Short descriptive text snippets:
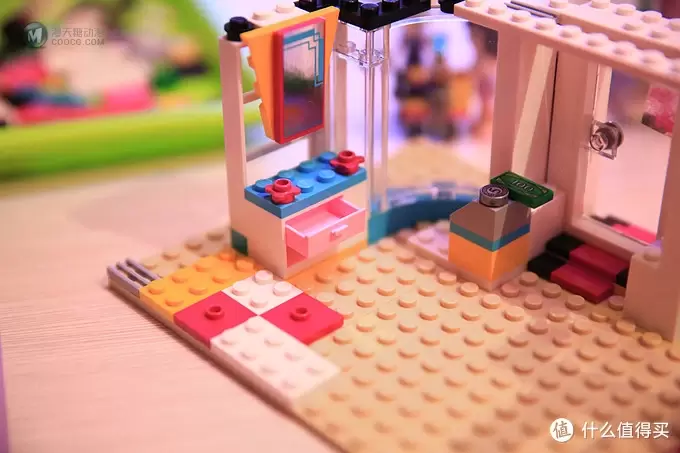 换个造型吧 LEGO 乐高 41093 美发沙龙 换个造型吧 LEGO 乐高 41093 美发沙龙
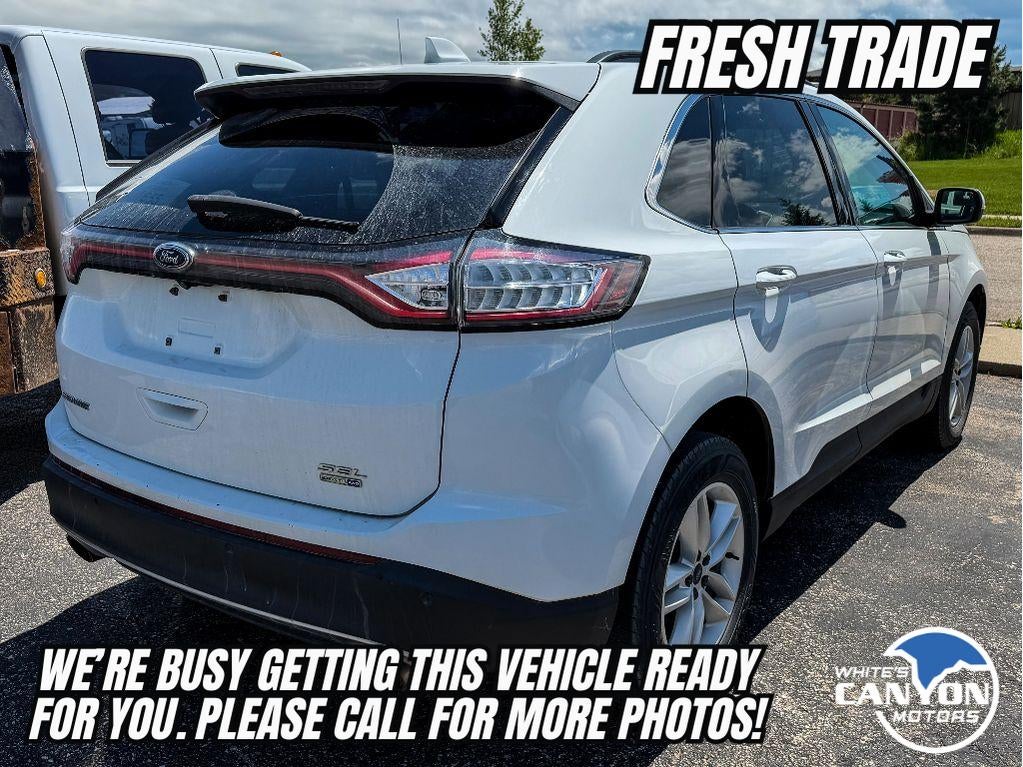 2018 Ford Edge SEL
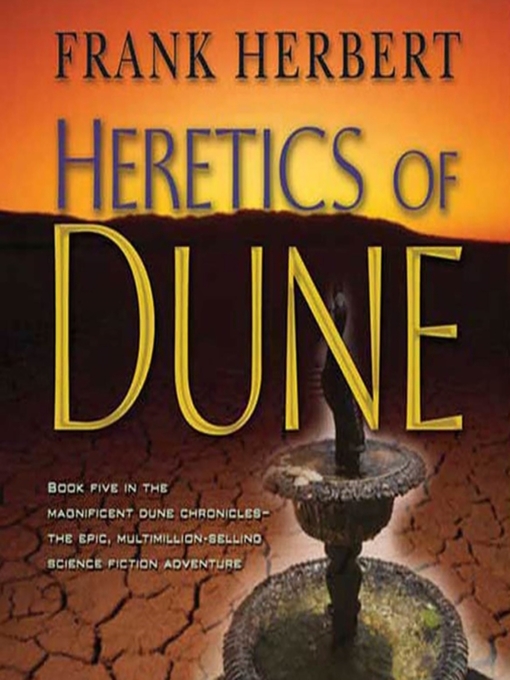 Title details for Heretics of Dune by Frank Herbert - Wait list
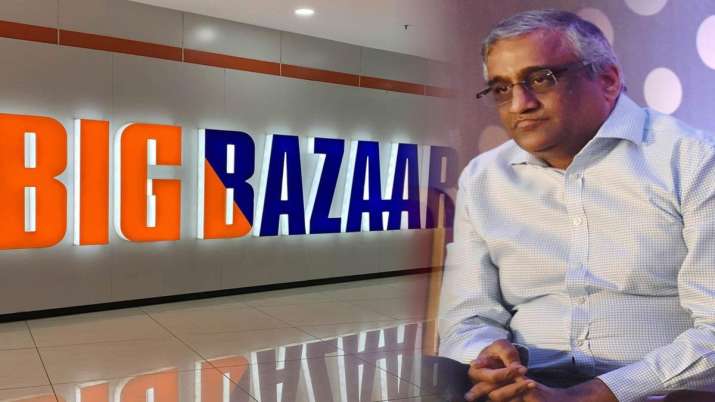 Future, Amazon continue letter fight; Write to SEBI over Future-Reliance deal Future, Amazon continue letter fight; Write to SEBI over Future-Reliance deal- India TV Paisa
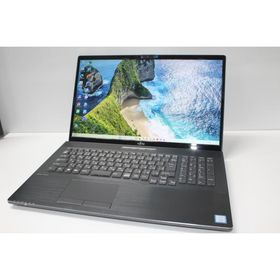 【中古ノートPC】富士通〈LIFEBOOK NH90/D2〉Intel Core i7/SSD256GB+HDD1TB/メモリ8GB (4)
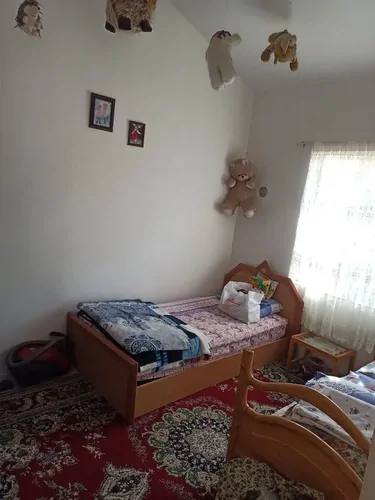 تصویر 2 - خانه اقامتگاه ابر و جنگل در کلاردشت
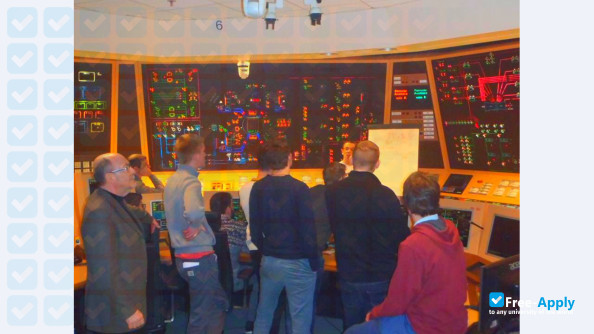 Foto de la University of Technology of Belfort-Montbéliard #12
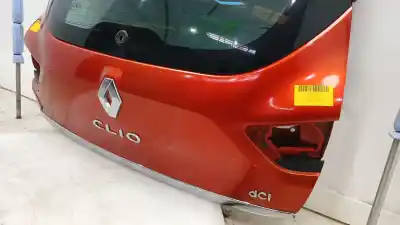 Автозапчасти б/у задняя дверь за renault clio iv (bh_) 1.5 dci 75 ссылки oem iam 901009631r  901009631r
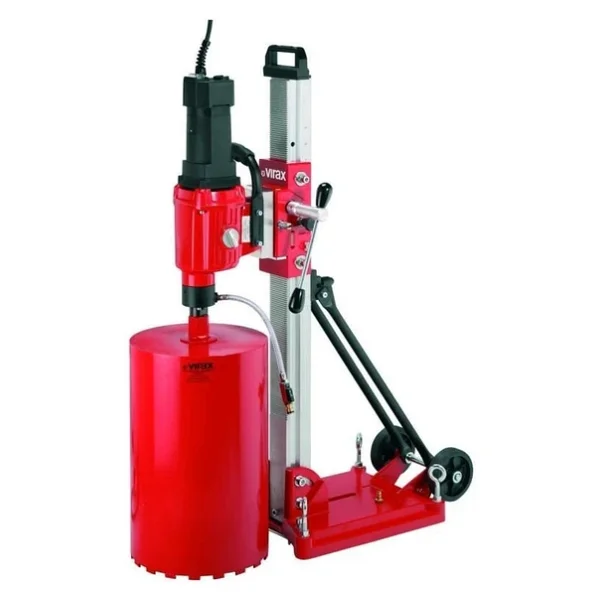 Virax 050130 V350 Karot Makinesi - Görsel 6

[Your assignment] Without the pictures, return the records above exactly as given.

[Response to this task]
 换个造型吧 LEGO 乐高 41093 美发沙龙 换个造型吧 LEGO 乐高 41093 美发沙龙
 2018 Ford Edge SEL
 Title details for Heretics of Dune by Frank Herbert - Wait list
 Future, Amazon continue letter fight; Write to SEBI over Future-Reliance deal Future, Amazon continue letter fight; Write to SEBI over Future-Reliance deal- India TV Paisa
 【中古ノートPC】富士通〈LIFEBOOK NH90/D2〉Intel Core i7/SSD256GB+HDD1TB/メモリ8GB (4)
 تصویر 2 - خانه اقامتگاه ابر و جنگل در کلاردشت
 Foto de la University of Technology of Belfort-Montbéliard #12
 Автозапчасти б/у задняя дверь за renault clio iv (bh_) 1.5 dci 75 ссылки oem iam 901009631r  901009631r
 Virax 050130 V350 Karot Makinesi - Görsel 6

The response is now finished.